Mice are prey to a whole host of animals, primarily depending on the type of location where they live. Field mice are preyed on by birds, snakes, and a host of cats and dogs, including domesticated pets, for example. House mice have many of the same predators, as well as rats.
Mice As Pets
As is true of most prey animals, mice can be a little skittish even when kept as pets. They prefer the confines and safety of their enclosure to being handled, and they can get very nervous if they feel threatened. This means that you should try and give them a warning before bearing down on them. Many mice prefer not to be handled or petted, but they may enjoy sitting on your hand, especially if it contains a food-based treat, or perching on your shoulder.
Spots To Pet Mice
Although a lot of mice don’t like being petted, some do. If you want to try petting your pet mouse, try gently rubbing the top of its head or at the top of its nose. Some mice may enjoy having their sides stroked, but you should try to avoid the bottom and belly areas.
Mice Handling Tips
Even if you don’t regularly handle your pet mice, there will come an occasion when you might need to pick them up. Follow these simple tips to help prevent injury and reduce stress in your mouse.
1. Don’t Scare Them
Try to avoid picking a mouse up when it is sleeping or if it doesn’t know you’re nearby. Speak to your mouse as you approach and if it is friendly, let it sniff your hand before reaching under to grab it.
2. Be Very Gentle
Mice are tiny and it doesn’t take much to injure one when picking it up. If the mouse is large enough, you can pick it up with one hand, shaped like a claw, and place it under the mouse’s body. Otherwise, you should cup your hands together and scoop the mouse up.
3. Keep Your Hands Low
Once you have picked the mouse up, it is best to keep your hands low and ideally above a soft surface. If a mouse gets nervous, it might try running or jumping from your hand and this can easily cause injury. Better it gets away and you have to hunt for it under the sofa than it falls from your chest height.

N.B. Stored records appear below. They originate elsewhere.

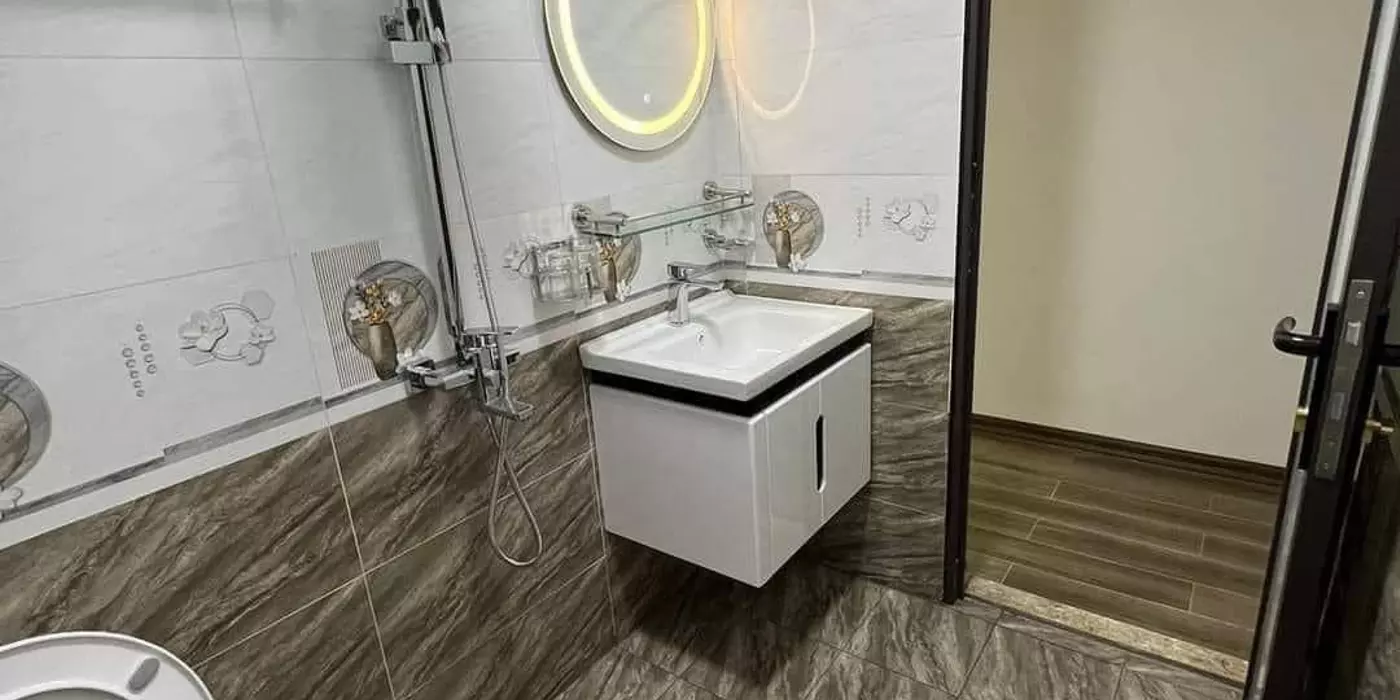Cần bán nhà đẹp giá rẻ Dịch Vọng Hậu Cầu Giấy, KD, giá nhỉnh 7 tỉ. Lh em Tuấn.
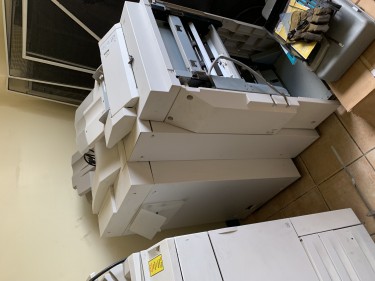 Xerox 252 Docucolour With Light Finisher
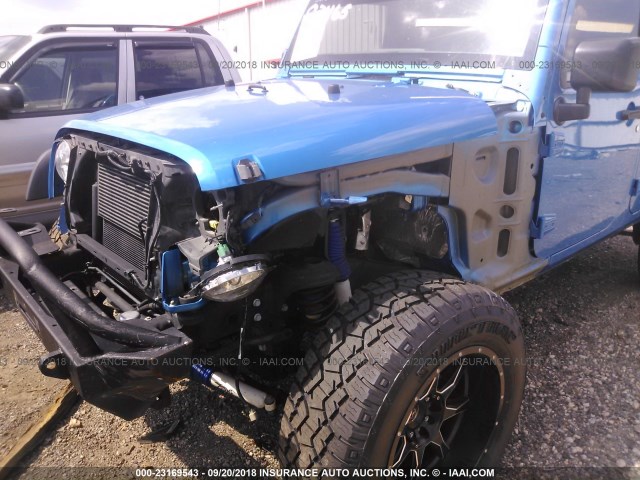 1C4BJWDG9FL740721 - 2015 JEEP WRANGLER UNLIMITE SPORT BLUE photo 6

Do Mice Get Attached to Humans?
While mice do not necessarily enjoy being petted or stroked, that doesn’t mean that they aren’t affectionate and don’t enjoy the company of their human beings. Mice are social animals and they will form a close bond with other mice in their cage and potentially with you and other family members. Yours might like to be carried in your hands, perch on your shoulder, or rest in your top pocket. The more affection you show a mouse, the more it will return that affection.
Do Mice Recognize Their Owners?
Surprisingly, mice can recognize their owners as they approach. This is typically through a combination of sight and smell. They can get excited when they see their favorite human approaching, making them great pets that can potentially lift the spirits of their owners.
Mice can make appealing pets. They are small and cute, and they have some interesting habits that make them a great addition to a home. However, most mice do not particularly enjoy being petted and may not enjoy being handled at all. If you want to pet your mouse, take it slowly, and concentrate your gentle petting on the top of the head and the top of the nose area. But, if the mouse flinches or backs away, don’t push it.